I READ with interest the article Shark watch (Ecowatch, Oct 9), on the dire situation that sharks around our coastal waters are in. We are in serious need of a new perspective if we are to continue having our finned friends in our marine backyards. And if your article is anything to go by, time is certainly not on their side.
We need an urgent re-think on how we view these animals. Not the dreaded creatures that slice through the murky waters of our imagination with their sickle-shaped dorsal fins, but the very vanguard of evolutionary resilience that they are. Not the bloodthirsty beast of Peter Benchley’s Jaws, but the more mecurial protaganist in Peter Matthiessen’s Blue Meridian. Not the misguided notions of healing and virility that they symbolise, but the very diversity of the marine environment and our natural world that they have come to epitomise.
From the oceanic white tip which patrols the farthest reaches of the open seas much like camels roaming an empty desert, to the bull shark which navigates thousands of kilometres up some of the largest freshwater rivers in the world due to their unique adaptations, we owe a salutary nod to this most incredible of species that we are privileged to share our world with.
I have no doubt that we have a long way to go in Malaysia before we turn some of these general attitudes around and adopt some of the best practices in places such as the Bahamas, where sightings of 6m tiger sharks and great hammerheads are still a possibility due to the protection that these majestic animals have been accorded there.

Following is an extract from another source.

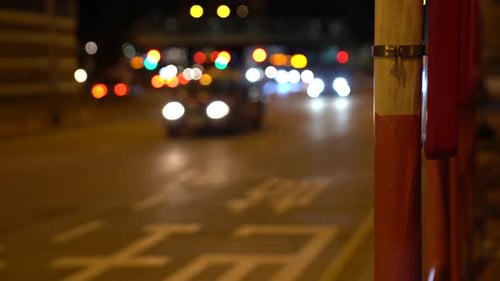Blurred Background Traffic Lights Of Moving Vehicles At Night In The City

The cause is not lost, however; when you set aside the protection, marine life responds and recovers in ways that are nothing short of astonishing. This is true as well here in Malaysia.
During my own scuba diving excursions, I notice a curious phenomenon every time I visit Pulau Tioman. A small rocky outcrop (called Renggis) barely minutes from the bustling Berjaya Hotel Resort harbours a stable and thriving population of blacktip reef sharks in comparison to the more remote outermost islands, which are often touted as better diving sites but where I have not had such sightings.
What could explain this? It could very well be that the outermost islands do not benefit from the protection that Renggis has (being closer to the main island and away from the plying fishing boats and trawlers further offshore). And it is quite possible that the sharks have figured this out and shelter here instead. And it’s not just the sharks – turtles, cuttlefish and a whole host of other creatures seem to have also figured this out.
Protection is key and it’s not too late to re-think the legacy that we wish to leave behind both for our finned friends as well as the next generation.